§ **Task**
Look below for the line with "Posta in arrivo" and the line with "Photo 7 of 2016"; repeat exactly those two lines and all lines between them, but no pictures.
Dataset extract Block Start
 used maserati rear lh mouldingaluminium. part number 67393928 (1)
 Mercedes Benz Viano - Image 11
Dataset extract Block End
Dataset extract Block Start
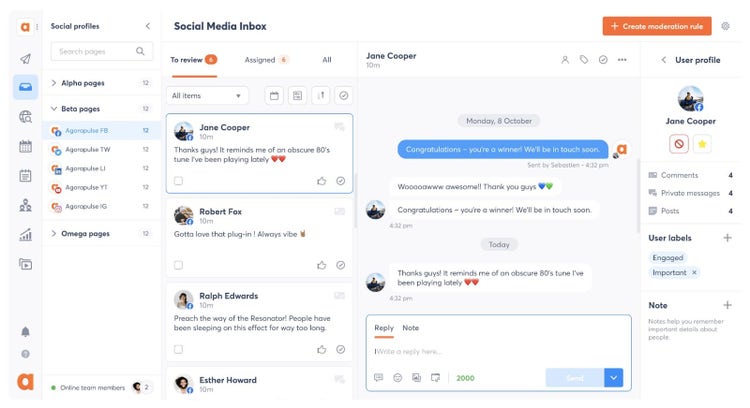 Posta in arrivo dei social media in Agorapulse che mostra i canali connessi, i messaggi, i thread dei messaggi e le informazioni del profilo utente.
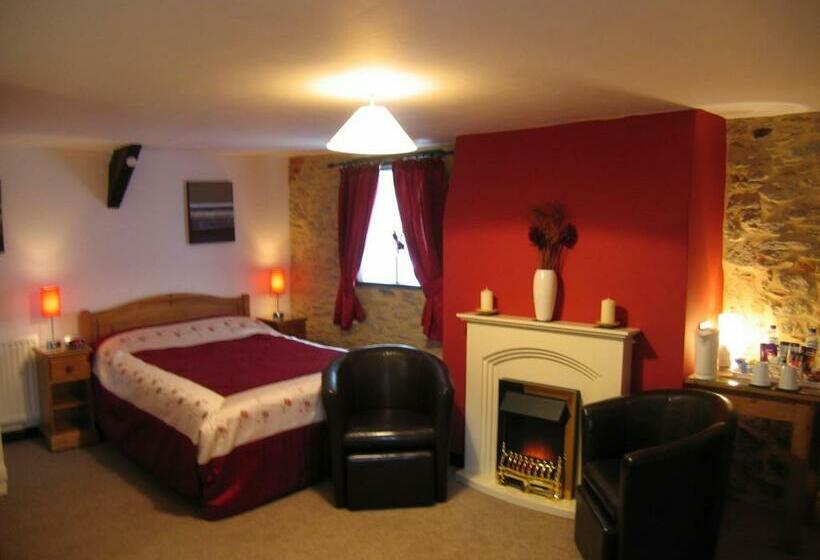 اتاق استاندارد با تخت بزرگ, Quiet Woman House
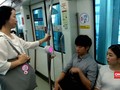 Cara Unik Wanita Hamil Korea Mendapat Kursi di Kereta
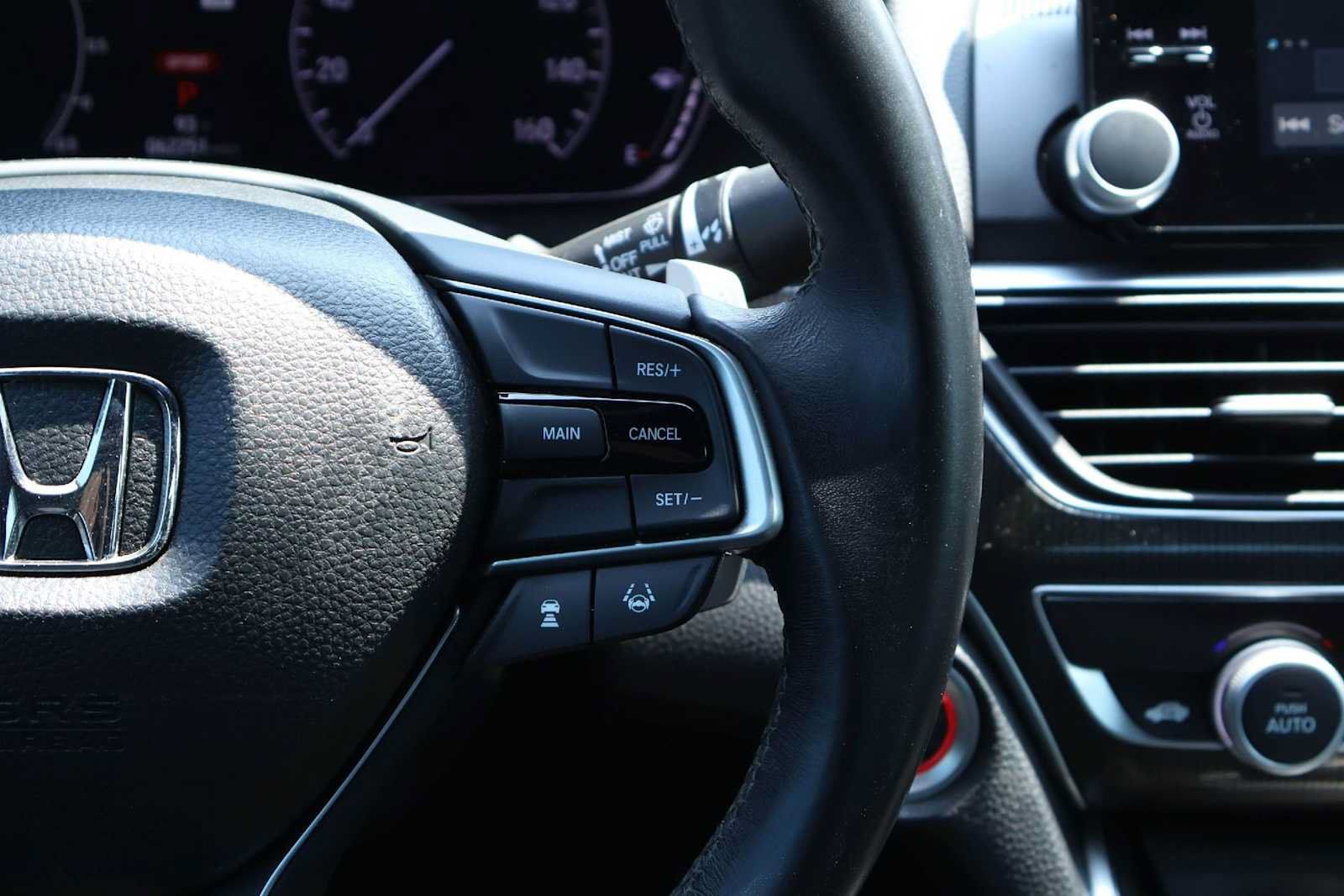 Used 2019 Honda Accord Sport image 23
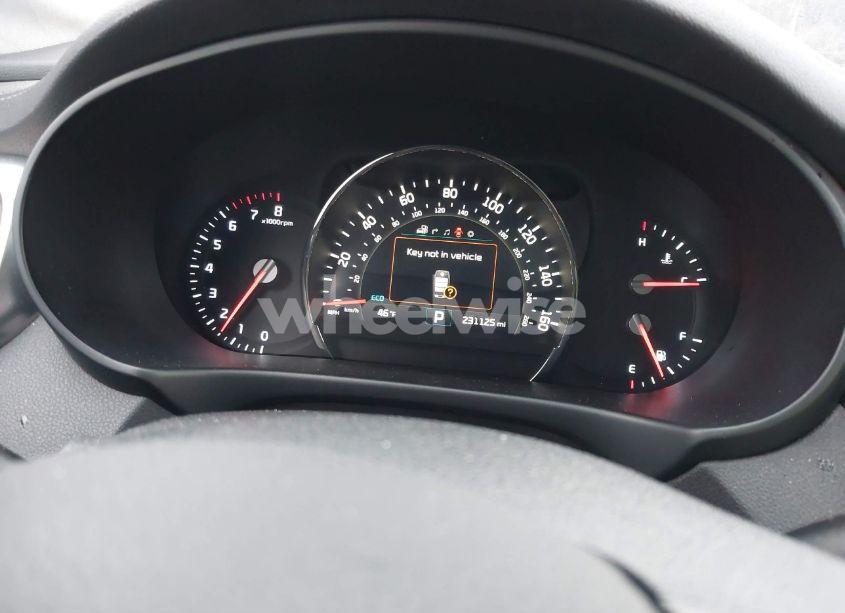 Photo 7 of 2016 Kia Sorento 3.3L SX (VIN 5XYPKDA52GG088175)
Dataset extract Block End
§ **Task result**
 Posta in arrivo dei social media in Agorapulse che mostra i canali connessi, i messaggi, i thread dei messaggi e le informazioni del profilo utente.
 اتاق استاندارد با تخت بزرگ, Quiet Woman House
 Cara Unik Wanita Hamil Korea Mendapat Kursi di Kereta
 Used 2019 Honda Accord Sport image 23
 Photo 7 of 2016 Kia Sorento 3.3L SX (VIN 5XYPKDA52GG088175)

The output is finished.